ANCHORAGE, Alaska (AP) – Trial is scheduled for next month in a case alleging failure by the state to provide accurate, complete translations of voting materials into Alaska Native languages.

The lawsuit was brought by several Native villages and elders last year against Lt. Gov. Mead Treadwell and members of the Divisions of Elections, which Treadwell oversees. The Yup’ik, Cup’ik and Gwich’in speakers in the lawsuit allege the state is violating language provisions of the federal Voting Rights Act by not providing election materials in their Native languages.
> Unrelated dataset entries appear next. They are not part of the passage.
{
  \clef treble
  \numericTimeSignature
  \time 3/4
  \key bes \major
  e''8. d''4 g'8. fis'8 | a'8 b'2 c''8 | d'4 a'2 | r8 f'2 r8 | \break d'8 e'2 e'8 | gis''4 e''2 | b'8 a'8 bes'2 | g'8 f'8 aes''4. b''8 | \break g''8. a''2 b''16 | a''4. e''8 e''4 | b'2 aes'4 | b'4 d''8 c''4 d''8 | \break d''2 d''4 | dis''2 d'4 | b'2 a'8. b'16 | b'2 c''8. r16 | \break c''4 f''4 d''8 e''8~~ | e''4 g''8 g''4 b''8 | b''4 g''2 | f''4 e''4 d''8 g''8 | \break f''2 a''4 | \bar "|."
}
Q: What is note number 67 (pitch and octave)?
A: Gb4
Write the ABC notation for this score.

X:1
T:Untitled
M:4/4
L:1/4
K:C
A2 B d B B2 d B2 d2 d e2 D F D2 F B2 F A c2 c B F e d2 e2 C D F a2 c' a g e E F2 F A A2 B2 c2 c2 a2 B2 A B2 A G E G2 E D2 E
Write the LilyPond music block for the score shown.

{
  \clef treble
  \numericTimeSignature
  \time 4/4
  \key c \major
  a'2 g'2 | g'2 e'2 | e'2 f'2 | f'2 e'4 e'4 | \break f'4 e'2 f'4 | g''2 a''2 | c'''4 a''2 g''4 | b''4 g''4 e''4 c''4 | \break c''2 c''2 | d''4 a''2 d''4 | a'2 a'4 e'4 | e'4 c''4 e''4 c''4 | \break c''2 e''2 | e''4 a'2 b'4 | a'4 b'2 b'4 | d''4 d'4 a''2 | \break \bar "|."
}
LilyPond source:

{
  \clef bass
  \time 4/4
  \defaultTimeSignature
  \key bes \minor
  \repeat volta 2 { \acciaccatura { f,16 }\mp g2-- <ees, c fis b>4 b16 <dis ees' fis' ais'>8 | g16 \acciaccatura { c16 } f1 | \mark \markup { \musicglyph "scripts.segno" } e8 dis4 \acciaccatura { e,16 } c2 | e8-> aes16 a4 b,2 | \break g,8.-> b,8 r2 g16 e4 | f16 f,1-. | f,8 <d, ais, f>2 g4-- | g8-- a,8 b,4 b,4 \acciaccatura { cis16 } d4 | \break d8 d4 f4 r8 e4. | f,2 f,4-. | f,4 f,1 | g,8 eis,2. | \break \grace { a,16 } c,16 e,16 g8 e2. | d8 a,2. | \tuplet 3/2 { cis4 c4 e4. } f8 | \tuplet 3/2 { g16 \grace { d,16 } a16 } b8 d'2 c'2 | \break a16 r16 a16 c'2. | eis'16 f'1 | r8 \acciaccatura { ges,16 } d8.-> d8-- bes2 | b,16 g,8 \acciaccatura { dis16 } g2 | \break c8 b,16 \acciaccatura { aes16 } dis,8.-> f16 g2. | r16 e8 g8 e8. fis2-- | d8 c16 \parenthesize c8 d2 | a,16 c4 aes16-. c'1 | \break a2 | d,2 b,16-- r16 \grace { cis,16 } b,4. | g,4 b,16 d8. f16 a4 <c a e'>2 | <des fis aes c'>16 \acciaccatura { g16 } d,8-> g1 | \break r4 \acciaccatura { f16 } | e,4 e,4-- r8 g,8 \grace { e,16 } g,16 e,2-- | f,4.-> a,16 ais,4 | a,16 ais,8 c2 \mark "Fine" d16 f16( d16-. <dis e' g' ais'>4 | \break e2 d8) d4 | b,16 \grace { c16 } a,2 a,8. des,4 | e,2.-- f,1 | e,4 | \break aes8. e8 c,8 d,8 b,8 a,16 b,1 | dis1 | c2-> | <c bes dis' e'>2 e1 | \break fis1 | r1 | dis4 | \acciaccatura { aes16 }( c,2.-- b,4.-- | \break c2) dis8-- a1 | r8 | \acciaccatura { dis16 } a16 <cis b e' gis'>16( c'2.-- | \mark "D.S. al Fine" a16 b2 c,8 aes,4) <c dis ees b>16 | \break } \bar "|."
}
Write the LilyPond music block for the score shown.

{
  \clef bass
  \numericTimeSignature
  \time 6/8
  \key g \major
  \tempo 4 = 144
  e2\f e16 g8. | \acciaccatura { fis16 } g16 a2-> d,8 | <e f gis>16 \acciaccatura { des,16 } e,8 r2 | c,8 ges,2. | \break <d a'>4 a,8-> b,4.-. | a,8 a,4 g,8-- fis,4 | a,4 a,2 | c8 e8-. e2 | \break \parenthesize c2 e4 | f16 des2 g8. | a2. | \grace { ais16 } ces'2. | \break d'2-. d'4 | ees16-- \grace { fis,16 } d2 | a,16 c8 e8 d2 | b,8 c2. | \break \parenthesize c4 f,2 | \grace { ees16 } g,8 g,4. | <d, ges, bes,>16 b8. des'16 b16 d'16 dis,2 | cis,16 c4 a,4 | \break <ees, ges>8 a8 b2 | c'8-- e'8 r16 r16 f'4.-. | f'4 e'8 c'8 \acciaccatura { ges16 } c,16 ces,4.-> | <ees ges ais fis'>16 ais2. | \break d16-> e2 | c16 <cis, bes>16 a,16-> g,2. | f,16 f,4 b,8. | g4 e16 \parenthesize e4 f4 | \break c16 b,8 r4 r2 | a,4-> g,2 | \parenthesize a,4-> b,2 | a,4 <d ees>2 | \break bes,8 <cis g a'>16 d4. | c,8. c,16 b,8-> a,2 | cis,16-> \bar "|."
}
The state, in court filings, defends its Native languages program as robust, involving outreach to villages, bilingual poll workers and translated ballots. While the program may not be perfect, the law doesn’t demand perfection, only that “all reasonable steps” be taken to assure voters who speak limited English are “effectively informed of, and participate effectively in, voting-connected activities,” the state contends.

Natalie Landreth, lead attorney in the case with the Native American Rights Fund, said if the state provides written material in English, the law requires a translated Yup’ik version, too.

“It doesn’t mean you can try pretty hard,” she said, “you have to actually do it.”

Walkie Charles, an assistant professor of Native languages at the University of Alaska Fairbanks who is expected to be a key witness for the plaintiffs, wrote in a report that he has spoken Yup’ik all his life and should be able to understand a ballot written in that language with ease. But he said he had to ask for an English version of a 2010 ballot measure he reviewed to compare the two and try to discern the meaning, the Anchorage Daily News reported.

Charles said the translation of another 2010 ballot question, related to parental notification for abortions sought by minors, “was asking about parental permission to get pregnant, not parental permission to have an abortion. Anyone who used this sample ballot received different information than English speaking voters and voted on something totally different than other English-reading voters in the rest of the State.”

In a court filing, he described the state’s efforts as word-for-word translations that didn’t make sense, describing it as “Yup’ik legalese or ‘Yup’ified’ English.”

“This kind of language just does not really exist in Yup’ik, by which I mean people do not speak or write Yup’ik this way,” he said.

Yup’ik became a written language in the 19th century. Academics recast the writing method in the 1960s, changing spellings, word formations and letter usage. But Charles said many Yup’ik speakers can read it, provided the text isn’t overly complex.

The state said it created a Yup’ik Translation Panel in 2009 to convert election material, including the 2010 ballots, into Yup’ik. It said the plaintiffs weren’t raising real issues but were instead “pointing to isolated, irregular instances where the Division’s Yup’ik language assistance program has fallen short.”